Inspirado pelo espírito da páscoa, hoje começo meu artigo com uma frase do romancista e dramaturgo francês Alexandre Dumas:
“Há favores tão grandes que só podem ser pagos com a ingratidão.”
Duro, né? Mas já parou pra pensar como isso acontece mais vezes do que gostaríamos de admitir?
Você já passou por situações onde as pessoas que você ajuda não reconhecem isso, ou pior, tem raiva de você? Eu já abordei esse assunto algumas vezes em conversas com amigos próximos, mas hoje eu quero compartilhar uma história com vocês...
Há muito tempo eu ajudava em um projeto comunitário de tecnologia numa pequena sala de informática cedida por uma escola. Um sábado por mês, um colega mais experiente dedicava seu dia para ensinar adolescentes da periferia os fundamentos da programação de computadores.
O projeto era uma iniciativa modesta, mas importante. Ele conseguia, com recursos próprios e algumas doações, manter uma pequena sala com dez computadores funcionando. Acreditava sinceramente que o conhecimento em programação poderia abrir portas para aqueles jovens, criar oportunidades que talvez nunca tivessem de outra forma.
Eu admirava seu empenho, via como ele passava noites preparando materiais didáticos, adaptando tutoriais complexos para uma linguagem mais acessível, e como sempre chegava com um sorriso, não importava quão cansado estivesse de seu trabalho regular durante a semana.

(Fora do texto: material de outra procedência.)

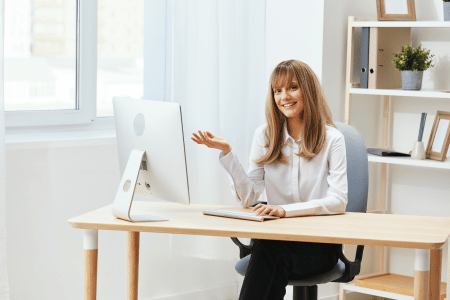 Kurs MS Word - kobieta wskazująca na komputer
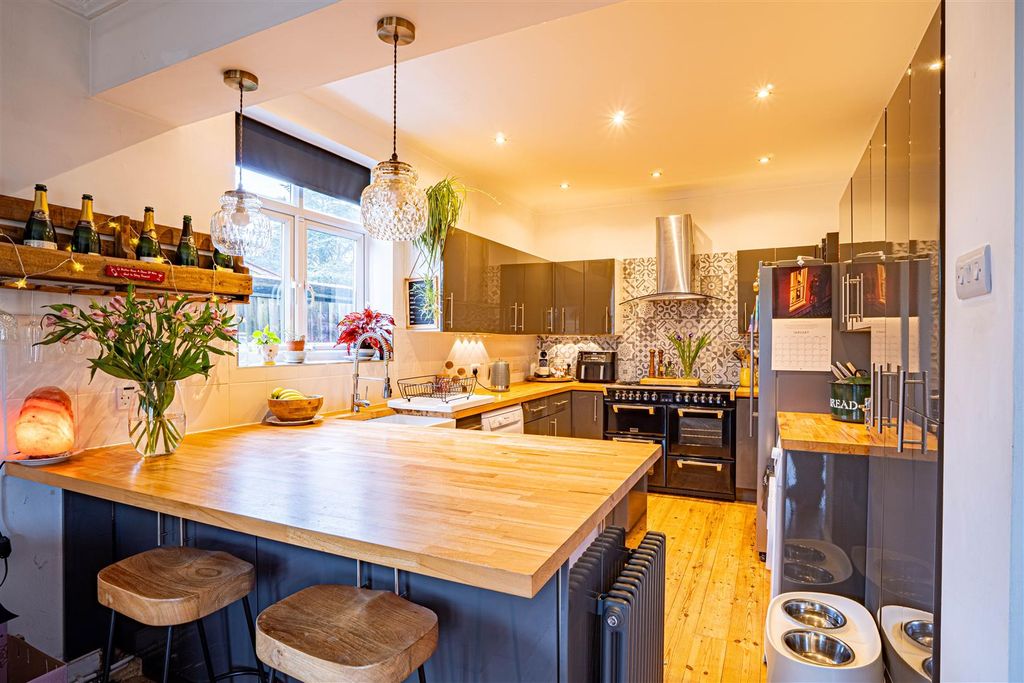 Property photo 3 of 33 Dsc06980-Hdr.Jpg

No entanto, algo me perturbava muito: o aparente desinteresse de muitos dos participantes. Em vez de prestarem atenção às aulas de programação, os adolescentes frequentemente ficavam jogando, navegando na internet, no Orkut (faz tempo isso) e alguns sequer tentavam disfarçar, mantendo os fones de ouvido e ignorando completamente a explicação sobre variáveis e funções que aconteciam à sua frente.
O que mais me intrigava era a reação dele, em vez de repreender os jovens ou impor regras rígidas, ele constantemente buscava adaptar suas aulas, tornando-as mais interativas, mais próximas da realidade daqueles adolescentes.
Ele chegava a propor desafios que chamassem a atenção dos alunos, como a criação de códigos para a resolução de problemas comuns do dia a dia, mas mesmo assim conseguia atenção de poucos.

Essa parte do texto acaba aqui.